Magical texts, even in fragments were treasured. People copied them by hand from other people’s copies. These copies, each perhaps slightly different, were circulated and copied again and again.

Few knew what to expect from these books because by definition they were scarce and mysterious. Few could understand or even read them: many texts were in archaic or unrecognizable scripts. Some are written in obscure foreign languages. And for a population that was largely illiterate, perhaps any writing is obscure and mysterious. Those little details didn’t stop people from copying them and making attempts at translation. Some early manuscripts are written in several languages at once; your speculation as to why is as good as anyone else’s. As to whether these manuscripts were authentic or whether translations were anywhere near accurate, there was rarely anyone to ask. Even if there was someone, who could trust that that person wouldn’t inform the Inquisition of your curiosity, especially if they’re arrested and tortured themselves?

The results of these hand-written magical manuscripts are the medieval grimoires. Pretty much across the board, they’re a garbled mess. Some are believed based upon genuinely ancient magical texts. Others may contain fragments of these texts, while still others may be forgeries, written to discredit sorcerers or despised ethnic groups or just to earn small fortunes on the black market. Some are a combination of all of the above.

Grimoires as we know them began to appear in the twelfth century. Authorship is generally unknown. New editions were made by handcopying old ones at great personal risk. It is a dream-like genre. Books were written in code, so that only adepts could understand what they were really saying. Some grimoires are attributed to famous names from the past like King Solomon, Albertus Magnus, and various occult masters. (Many are largely cribbed from the works of Cornelius Agrippa although this is rarely acknowledged.) Inevitably attributed authors are long dead and gone for obvious reasons: dead men tell no tales; dead men can’t be prosecuted for witchcraft. Did these famous authors write the entire grimoire? Definitely not. Did they write some or any of the book? Maybe. It can’t be conclusively determined.
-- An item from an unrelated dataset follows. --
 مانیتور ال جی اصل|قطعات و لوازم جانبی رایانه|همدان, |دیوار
In general, with few exceptions, these books are compilations of materials from varied sources, often reflecting very different and even contradictory traditions. Some may be “made up”—an attempt to gouge money from book collectors. Sometimes however even in a book that seems 99 percent invented, a glimmer of genuine occult wisdom suggests that at some point something was real.
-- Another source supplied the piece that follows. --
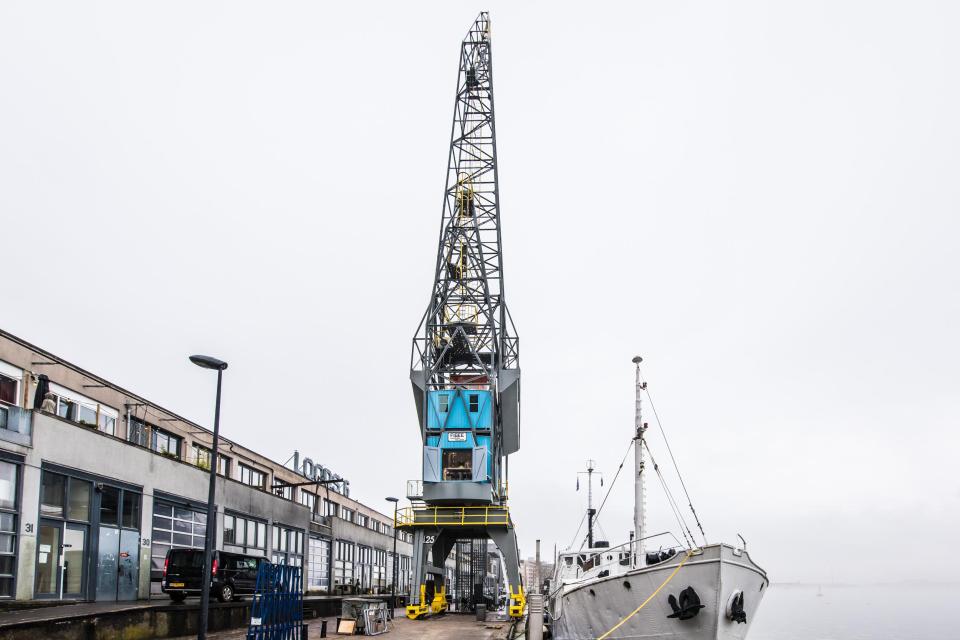  Would you sleep in a disused crane?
For a living person to actually take credit for authoring a grimoire would have been tantamount to suicide, so inevitably they are always “found” manuscripts. An old trunk was opened and an old book discovered within. Or more frequently the story is that someone was minding their own business when a mysterious stranger handed them the text and disappeared. Are these stories true? Maybe. Books were hidden away in chests; someone transporting an illegal magical text probably wouldn’t stop for a chat, tell you where they came from or give you enough information to find them later. On the other hand, maybe these mysterious stories are the required excuses needed for possession of a magical book, or maybe the person telling the story was really the one who first produced the book.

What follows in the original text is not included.